Lawyers for Global Relief and its co-founder, Rabih Haddad, denounced the government's action as anti-Muslim and McCarthyist. They focused on one piece of evidence Treasury cited to assert Global Relief is tied to al Qaeda -- that Haddad was a member of a bin Laden organization in the 1980s that preceded al Qaeda and that helped recruit guerrillas fighting the Soviet invasion of Afghanistan.

"The United States also supported that organization [Makhtab al-Khidamat] then," said the foundation's Maryland-based attorney, Roger Simmons. "None of this was illegal at the time, and it's Orwellian now to say it is. This is revisionist history."

Haddad, a popular cleric in Ann Arbor, Mich., has been in jail on charges of overstaying his visa since Dec. 14, the same day federal agents raided Global Relief's headquarters in Bridgeview, Ill., and shut it down.

Haddad had worked for years for bin Laden's Makhtab al-Khidamat, which supported the tens of thousands of Arabs who rushed to Afghanistan to join the anti-Soviet resistance in the 1980s. The group was all but swallowed up by al Qaeda after he launched the new organization in 1988. In 1992 Haddad helped establish Global Relief to provide humanitarian aid to needy Muslims around the world. In 2001 it had revenue of $5.2 million.

In a statement released yesterday, Treasury pointed out that Global Relief for years promoted tapes and writings of Makhtab al-Khidamat's other co-founder, Abdullah Azzam, a Palestinian scholar killed in a car bombing in 1989. "His words are jewels," one foundation publication said. "He produced a new theory for saving the [Islamic] nation from disgrace."

Global Relief "has published several Arabic newsletters and pamphlets that advocate armed action through jihad against groups perceived to be un-Islamic," Treasury added. Officials cited a foundation publication in 1995 that described Muslim guerrilla struggles around the world and solicited donations "for equipping the raiders, for the purchase of ammunition and food."

"The organization was born in trying times" after the Afghan war and during the slaughter of Muslims in Bosnia, said Haddad's Virginia-based lawyer, Ashraf Nubani. "But that's not where the group is now. It grew, and focused totally on humanitarian relief."

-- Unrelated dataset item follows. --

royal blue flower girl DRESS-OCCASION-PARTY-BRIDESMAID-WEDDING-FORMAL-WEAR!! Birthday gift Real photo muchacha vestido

Haddad added that the government, by quoting from foundation publications advocating that Muslims donate funds for jihad or struggle, are attacking Islam itself. Some of the quotations were from the Koran, he said. "You may not like it, but [financially supporting jihad] is part of the religion," he said. Furthermore, he added, Azzam is "a hero" not only to Haddad but millions of Muslims.

The government also said the director of Global Relief's Belgian affiliate was in close touch in the late 1990s with Wadih Hage, bin Laden's personal secretary, who was convicted on conspiracy charges in the al Qaeda bombing of two U.S. embassies in Africa. Global Relief's attorneys say the contact was fleeting.

"America is going after everyone even tangentially related" to al Qaeda, Nubani said. "They fight the whole religion, the whole civilization."